Exercise details
Reading the records below, how many lines contain "Retro"? Respond with a number and nothing else.

(Records contained in a dataset)
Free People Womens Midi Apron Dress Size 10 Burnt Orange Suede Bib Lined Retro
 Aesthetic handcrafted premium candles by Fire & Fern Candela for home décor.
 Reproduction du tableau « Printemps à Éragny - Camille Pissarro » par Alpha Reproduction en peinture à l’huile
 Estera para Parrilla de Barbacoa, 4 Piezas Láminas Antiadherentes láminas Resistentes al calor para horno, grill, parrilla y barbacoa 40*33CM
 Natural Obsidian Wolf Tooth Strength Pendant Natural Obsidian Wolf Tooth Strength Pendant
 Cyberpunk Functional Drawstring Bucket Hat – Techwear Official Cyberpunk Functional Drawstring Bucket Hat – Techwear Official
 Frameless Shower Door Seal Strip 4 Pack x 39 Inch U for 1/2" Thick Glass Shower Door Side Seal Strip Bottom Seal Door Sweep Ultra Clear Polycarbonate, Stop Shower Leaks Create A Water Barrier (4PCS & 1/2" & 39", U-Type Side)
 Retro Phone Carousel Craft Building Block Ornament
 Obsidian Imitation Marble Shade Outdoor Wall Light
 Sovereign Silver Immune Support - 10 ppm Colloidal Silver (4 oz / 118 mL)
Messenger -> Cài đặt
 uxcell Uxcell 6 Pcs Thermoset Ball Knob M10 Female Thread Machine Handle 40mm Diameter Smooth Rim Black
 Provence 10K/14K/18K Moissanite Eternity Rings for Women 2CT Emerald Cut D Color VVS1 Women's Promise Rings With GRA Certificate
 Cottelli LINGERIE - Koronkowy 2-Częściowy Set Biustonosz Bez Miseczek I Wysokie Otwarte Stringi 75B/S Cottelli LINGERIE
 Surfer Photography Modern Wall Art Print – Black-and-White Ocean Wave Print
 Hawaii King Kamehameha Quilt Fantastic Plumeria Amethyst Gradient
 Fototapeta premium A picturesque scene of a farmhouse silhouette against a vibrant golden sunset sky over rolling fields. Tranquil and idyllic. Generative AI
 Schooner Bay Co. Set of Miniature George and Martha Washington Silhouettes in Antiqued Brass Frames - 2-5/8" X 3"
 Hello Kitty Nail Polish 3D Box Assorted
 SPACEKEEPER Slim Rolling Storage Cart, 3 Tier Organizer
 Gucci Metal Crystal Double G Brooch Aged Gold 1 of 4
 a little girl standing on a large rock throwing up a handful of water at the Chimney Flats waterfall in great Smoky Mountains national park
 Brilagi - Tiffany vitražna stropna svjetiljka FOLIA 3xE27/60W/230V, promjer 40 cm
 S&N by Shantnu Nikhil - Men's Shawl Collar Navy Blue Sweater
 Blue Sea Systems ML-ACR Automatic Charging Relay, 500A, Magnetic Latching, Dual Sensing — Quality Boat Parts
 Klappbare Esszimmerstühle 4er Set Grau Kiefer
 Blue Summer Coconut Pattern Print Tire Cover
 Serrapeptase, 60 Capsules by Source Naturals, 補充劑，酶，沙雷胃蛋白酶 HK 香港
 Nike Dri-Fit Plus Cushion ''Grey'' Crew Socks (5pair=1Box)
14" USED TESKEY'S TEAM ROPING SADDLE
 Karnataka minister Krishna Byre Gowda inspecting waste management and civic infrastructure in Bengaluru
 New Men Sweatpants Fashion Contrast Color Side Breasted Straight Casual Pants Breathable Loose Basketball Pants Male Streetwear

Response to this exercise
2